» **Task details**
Wherever the word "Toyota" occurs in the lines below, copy the whole line.
#####
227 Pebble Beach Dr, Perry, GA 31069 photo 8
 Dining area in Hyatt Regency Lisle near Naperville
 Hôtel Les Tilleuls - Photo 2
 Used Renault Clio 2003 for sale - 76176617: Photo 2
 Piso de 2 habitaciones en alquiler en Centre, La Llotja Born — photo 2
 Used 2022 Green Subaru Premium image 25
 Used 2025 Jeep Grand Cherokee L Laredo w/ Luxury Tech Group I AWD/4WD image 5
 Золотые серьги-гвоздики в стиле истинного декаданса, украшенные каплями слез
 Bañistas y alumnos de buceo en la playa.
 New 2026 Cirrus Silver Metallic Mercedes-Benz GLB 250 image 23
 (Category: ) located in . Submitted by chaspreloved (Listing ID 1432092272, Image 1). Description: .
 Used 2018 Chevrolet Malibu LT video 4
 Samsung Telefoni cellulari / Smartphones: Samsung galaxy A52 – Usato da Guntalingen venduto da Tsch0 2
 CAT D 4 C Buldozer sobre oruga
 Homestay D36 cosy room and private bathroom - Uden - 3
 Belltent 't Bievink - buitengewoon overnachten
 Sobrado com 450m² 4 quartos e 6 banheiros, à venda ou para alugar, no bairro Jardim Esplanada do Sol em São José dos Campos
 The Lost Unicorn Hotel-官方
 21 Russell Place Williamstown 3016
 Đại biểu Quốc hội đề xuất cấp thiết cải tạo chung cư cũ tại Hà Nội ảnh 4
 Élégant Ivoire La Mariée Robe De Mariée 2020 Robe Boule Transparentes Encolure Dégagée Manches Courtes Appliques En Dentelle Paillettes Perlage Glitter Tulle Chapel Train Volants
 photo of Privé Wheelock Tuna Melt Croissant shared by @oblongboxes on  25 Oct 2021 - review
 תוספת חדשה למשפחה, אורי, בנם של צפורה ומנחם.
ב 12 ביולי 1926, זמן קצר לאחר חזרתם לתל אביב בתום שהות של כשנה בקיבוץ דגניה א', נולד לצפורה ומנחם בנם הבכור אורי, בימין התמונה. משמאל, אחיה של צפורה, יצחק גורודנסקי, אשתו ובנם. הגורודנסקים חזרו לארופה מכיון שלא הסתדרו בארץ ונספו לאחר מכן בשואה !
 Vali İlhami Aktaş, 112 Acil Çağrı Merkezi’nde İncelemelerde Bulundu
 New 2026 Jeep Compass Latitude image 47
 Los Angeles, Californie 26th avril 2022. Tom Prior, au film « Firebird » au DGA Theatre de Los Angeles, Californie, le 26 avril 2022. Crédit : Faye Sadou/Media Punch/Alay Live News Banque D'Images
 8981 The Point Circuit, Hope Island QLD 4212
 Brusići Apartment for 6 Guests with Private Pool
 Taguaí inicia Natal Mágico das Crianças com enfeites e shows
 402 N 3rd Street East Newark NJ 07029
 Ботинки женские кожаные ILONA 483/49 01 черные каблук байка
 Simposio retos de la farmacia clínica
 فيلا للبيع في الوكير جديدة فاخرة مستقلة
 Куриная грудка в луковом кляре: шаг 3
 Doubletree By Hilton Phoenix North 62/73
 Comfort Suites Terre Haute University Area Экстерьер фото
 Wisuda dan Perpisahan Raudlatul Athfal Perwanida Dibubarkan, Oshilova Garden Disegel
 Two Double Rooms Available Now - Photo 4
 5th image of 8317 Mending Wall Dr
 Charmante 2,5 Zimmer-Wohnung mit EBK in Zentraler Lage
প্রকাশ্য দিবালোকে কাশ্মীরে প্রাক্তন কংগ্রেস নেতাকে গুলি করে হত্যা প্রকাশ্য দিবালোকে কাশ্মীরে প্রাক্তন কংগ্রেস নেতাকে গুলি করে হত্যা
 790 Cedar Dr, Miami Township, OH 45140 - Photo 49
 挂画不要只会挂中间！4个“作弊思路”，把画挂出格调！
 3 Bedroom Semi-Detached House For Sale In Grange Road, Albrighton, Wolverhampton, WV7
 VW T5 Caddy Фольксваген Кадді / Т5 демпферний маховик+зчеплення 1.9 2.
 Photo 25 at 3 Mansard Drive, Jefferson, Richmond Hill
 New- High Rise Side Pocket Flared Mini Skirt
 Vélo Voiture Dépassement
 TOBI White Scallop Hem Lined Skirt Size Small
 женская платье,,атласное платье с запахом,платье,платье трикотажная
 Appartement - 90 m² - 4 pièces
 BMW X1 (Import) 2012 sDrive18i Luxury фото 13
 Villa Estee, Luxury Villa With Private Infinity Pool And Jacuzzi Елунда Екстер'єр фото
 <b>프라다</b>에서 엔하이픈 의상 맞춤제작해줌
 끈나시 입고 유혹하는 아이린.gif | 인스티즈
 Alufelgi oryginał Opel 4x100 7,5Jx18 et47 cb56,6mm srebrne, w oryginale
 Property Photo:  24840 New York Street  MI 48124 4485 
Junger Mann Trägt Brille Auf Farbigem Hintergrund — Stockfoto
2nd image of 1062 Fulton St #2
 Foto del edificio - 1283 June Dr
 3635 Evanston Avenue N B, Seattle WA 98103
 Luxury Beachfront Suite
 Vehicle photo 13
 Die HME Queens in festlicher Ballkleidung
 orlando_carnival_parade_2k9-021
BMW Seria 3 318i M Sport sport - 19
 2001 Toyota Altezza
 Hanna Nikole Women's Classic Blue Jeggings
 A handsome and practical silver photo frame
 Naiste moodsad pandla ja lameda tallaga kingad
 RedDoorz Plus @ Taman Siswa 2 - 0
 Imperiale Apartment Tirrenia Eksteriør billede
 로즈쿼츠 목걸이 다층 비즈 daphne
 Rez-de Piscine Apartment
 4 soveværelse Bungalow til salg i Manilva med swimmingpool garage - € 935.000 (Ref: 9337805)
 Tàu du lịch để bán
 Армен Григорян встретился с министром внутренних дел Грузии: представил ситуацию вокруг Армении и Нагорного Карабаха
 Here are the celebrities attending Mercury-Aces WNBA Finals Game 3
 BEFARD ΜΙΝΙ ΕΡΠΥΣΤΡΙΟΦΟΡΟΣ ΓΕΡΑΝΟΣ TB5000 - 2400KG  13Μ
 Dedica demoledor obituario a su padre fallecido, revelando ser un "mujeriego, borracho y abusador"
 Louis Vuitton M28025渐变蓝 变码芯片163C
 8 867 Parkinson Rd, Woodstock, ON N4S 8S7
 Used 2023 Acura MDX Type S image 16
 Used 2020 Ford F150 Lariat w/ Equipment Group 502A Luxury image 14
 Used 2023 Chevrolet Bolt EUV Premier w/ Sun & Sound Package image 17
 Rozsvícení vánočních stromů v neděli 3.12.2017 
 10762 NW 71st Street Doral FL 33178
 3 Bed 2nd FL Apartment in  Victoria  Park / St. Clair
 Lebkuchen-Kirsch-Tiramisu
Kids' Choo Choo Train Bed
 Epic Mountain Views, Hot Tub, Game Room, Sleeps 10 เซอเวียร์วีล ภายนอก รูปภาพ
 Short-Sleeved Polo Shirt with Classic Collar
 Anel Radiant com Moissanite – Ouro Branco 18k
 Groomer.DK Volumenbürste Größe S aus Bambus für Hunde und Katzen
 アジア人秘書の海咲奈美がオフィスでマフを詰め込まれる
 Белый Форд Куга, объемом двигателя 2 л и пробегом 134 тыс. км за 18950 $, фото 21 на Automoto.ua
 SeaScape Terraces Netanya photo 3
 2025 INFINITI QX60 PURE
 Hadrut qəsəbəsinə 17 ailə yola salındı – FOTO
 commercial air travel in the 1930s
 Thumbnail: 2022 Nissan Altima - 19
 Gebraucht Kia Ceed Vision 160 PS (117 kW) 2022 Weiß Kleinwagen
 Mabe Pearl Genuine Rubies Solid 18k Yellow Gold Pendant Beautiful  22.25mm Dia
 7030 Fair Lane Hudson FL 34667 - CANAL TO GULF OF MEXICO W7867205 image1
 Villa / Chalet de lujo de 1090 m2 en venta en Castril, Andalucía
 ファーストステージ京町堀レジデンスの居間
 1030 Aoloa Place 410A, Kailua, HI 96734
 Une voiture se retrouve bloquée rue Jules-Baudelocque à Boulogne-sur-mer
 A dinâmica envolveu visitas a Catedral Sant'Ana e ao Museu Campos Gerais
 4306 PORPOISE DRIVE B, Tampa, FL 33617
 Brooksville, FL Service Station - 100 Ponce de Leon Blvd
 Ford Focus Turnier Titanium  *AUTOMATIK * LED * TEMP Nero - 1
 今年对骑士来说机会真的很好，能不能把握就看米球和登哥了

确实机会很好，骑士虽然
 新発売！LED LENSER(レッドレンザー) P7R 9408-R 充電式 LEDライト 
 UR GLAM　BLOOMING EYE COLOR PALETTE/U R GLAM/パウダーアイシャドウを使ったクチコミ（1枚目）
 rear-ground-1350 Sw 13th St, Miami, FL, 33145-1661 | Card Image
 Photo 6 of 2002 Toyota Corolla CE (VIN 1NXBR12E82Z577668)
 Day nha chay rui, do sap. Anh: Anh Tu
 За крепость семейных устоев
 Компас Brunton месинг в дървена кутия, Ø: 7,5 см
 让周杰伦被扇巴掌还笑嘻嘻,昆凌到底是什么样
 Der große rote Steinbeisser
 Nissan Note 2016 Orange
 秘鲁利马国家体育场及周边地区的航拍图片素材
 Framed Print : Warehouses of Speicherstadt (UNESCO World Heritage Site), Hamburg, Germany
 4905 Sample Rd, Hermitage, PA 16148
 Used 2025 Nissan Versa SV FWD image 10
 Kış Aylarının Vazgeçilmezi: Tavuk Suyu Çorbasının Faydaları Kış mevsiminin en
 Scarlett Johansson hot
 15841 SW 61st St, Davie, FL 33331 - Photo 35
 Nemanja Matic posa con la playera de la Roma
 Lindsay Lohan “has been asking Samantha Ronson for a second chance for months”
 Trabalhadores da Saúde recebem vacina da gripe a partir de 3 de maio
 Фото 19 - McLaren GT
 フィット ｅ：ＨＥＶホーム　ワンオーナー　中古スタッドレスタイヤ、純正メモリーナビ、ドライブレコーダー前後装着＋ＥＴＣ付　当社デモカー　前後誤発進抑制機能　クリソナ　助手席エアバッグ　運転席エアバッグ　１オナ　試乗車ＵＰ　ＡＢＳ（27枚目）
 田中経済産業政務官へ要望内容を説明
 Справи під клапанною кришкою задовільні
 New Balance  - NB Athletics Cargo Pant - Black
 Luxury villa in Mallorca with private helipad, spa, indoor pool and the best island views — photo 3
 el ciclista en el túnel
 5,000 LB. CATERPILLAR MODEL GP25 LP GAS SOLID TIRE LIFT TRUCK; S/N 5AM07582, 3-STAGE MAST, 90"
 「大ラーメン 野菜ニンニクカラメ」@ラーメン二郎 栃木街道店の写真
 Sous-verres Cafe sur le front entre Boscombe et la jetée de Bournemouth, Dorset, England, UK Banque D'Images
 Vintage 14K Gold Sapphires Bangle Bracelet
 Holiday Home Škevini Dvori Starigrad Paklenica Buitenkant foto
#####
» **Answer space**
 2001 Toyota Altezza
 Photo 6 of 2002 Toyota Corolla CE (VIN 1NXBR12E82Z577668)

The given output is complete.